Le lendemain vers 15h, les Allemands reviennent récupérer leur chenillette. Des combats ont à nouveau lieu, deux jeunes FTPF perdent encore la vie. On compte une dizaine de morts côté allemand. Des fermes et l’auberge du « Petit Saucat » sont détruites par les Allemands en représailles. Le pont sur la Gueyze rétabli, les Allemands poursuivent leurs exactions à Meylan (Gers).

Le bilan fait état d’une vingtaine de morts et d’une quarantaine de blessés côté allemand,  8 chez les FTPF (dont les Espagnols Amedeo CURRUCHU et  Ricardo COLL JOFFRE  dit « Nin », 24 ans, tous deux résistants F.T.P.F. dans le « Bataillon Arthur », groupe « Marta », et Vittorio LANFRANCHI, 19 ans, fils d’antifascistes italiens immigrés en France, mais aussi René PATILLAUD dit « Petit René », 15 ans). Amedeo est inhumé dans la Nécropole nationale de Chasseneuil-sur-Bonnieure (Charente).

Leurs noms figurent sur la stèle des résistants d’Arx et le Mémorial de Houeillès (Lot-et-Garonne).

Les « unités de Guérilleros espagnols », complètement indépendantes, conservent cependant un étroit contact avec la Résistance française, à travers Léon des Landes, avec le commandement Casablanca, chef de l’Armée Secrète, et le colonel Druilhe qui commande la 18e région militaire.

Après la libération d’Agen le 20 août 1944, de Mont-de-Marsan le 21 et de Dax le 23, tous les groupes de guérilleros espagnols sont concentrés à Lencouacq avec un total de 450 hommes. Ils harcèlent les troupes allemandes en retraite dans la région de Lencouacq-Luxey-Labrit-Sore.

dax liberation guerrilleros espagnols ffi 2
Défilé des guérilleros espagnols à Dax lors de la Libération (Archives CPRD)

Le 25, le colonel Druilhe donne l’ordre d’envoyer un détachement vers Bordeaux. Ils y prennent une part active à la libération de la ville. Le 1er septembre, c’est le départ pour la Pointe-de-Grave.

«Le bataillon Arthur s’est battu jusqu’au bout.

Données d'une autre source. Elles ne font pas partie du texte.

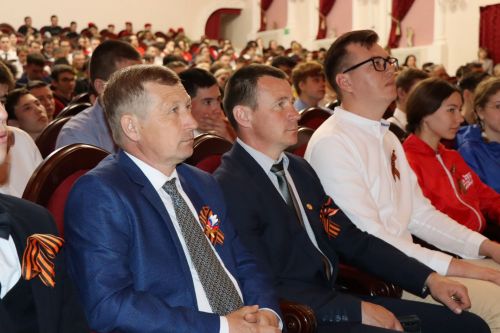 В Нурлате в День призывника чествовали будущих защитников Отечества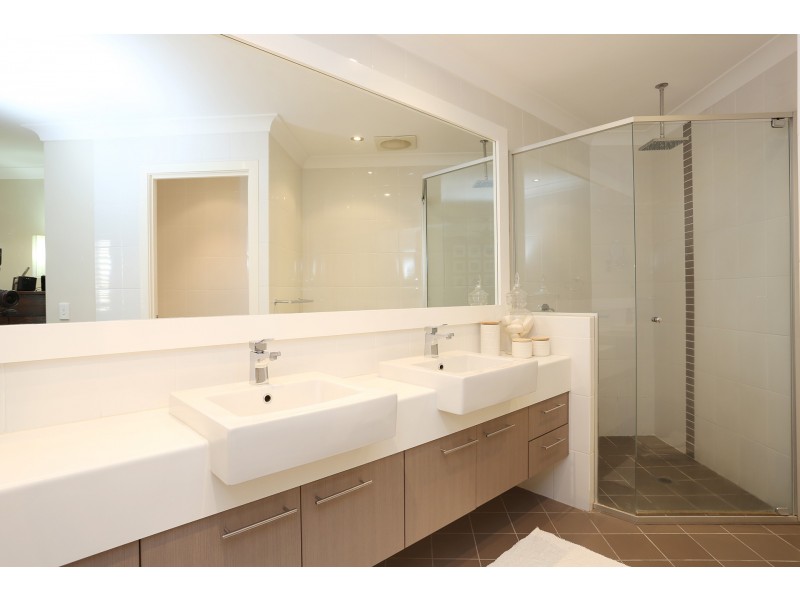 2/40 Middle Street, Labrador QLD 4215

Certains éléments rejoindront la Première Armée de de Lattre de Tassigny et traverseront le Rhin, d’autres intégreront le bataillon Atlantique qui se battra pour la libération du Médoc.»

Au total, c’est une très vaste partie de la France qui fut libérée par des unités de la résistance armée, maquis et guérilleros espagnols.

D’autres feront le choix de s’engager dans les Forces Françaises Libres.

C’est le cas de Julian VERDU MILLAN, né en 1921 à Albacete dans une famille républicaine venue s’installer à Solférino.

Engagé volontaire en 1939, il rejoint les F.F.L. en juillet 1941 en Syrie au 2e bataillon de la Légion étrangère, combat à Bir-Hakeim (une citation, nommé caporal-chef), puis en Italie.

Il est mort pour la France le 29-11-1944 à Bourbach-le-Haut (Haut-Rhin), tué par balle.

Il est inhumé en la nécropole nationale de Sigolsheim à Kaysersberg-Vignoble (Haut-Rhin) et figure sur le monument aux morts de Solférino.